If I need information of virtually any kind, Doctor Google provides it; if I am curious about the status (or political opinions) of a friend or family member, there’s Facebook to fill me in. When my children or grandchildren are traveling, emails reassure me of their safety.

It’s a brave new world–but the old saying is right: there’s no such thing as a free lunch.

Amazon, Facebook and Google have made themselves indispensable to most of us–and in return, we provide them with reams of our personal information. They serve us, and we pay for that service with our privacy. Ditto the other convenient services we use.

It’s slightly different–and much more blatant–with the banks.

When my husband goes online to make a payment, the bank immediately deducts the amount of that payment from his account. The bank then produces and mails a check to the recipient. In the “olden days,” the amount of a check would be deducted from one’s account when it “cleared.” That is, the money would come out of your account when  payees presented the checks and received their money.
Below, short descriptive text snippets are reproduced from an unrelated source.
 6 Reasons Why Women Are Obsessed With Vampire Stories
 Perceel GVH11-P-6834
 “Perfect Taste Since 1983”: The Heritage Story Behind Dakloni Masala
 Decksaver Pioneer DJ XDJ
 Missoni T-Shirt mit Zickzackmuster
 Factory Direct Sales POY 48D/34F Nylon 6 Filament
Now, in return for the convenience of online bill paying, the bank has the use of the float– the period of time that elapses between your online direction to pay X and the presentation by X of that check.

(This little trick also makes it incredibly difficult to stop payment; since the money has already been deducted from your account, the bank has a convoluted process that wasn’t there before.)

I hear him grouse about this every time my husband pays a bill, and although I’m willing to chalk it up to the cost of convenience, I know he’s right. It’s just one more clever way that one more business has figured out how to “monetize” the processes that have moved online. And I also know that I’m one of the “marks” who enable it all–I am perfectly willing to trade my information for the convenience of shopping from home. I’m addicted to the ease  of accessing any and all information from my laptop.

And I don’t want to hunt for my checkbook and stamps when paying a bill.

I’m the patsy that makes the ripoffs possible.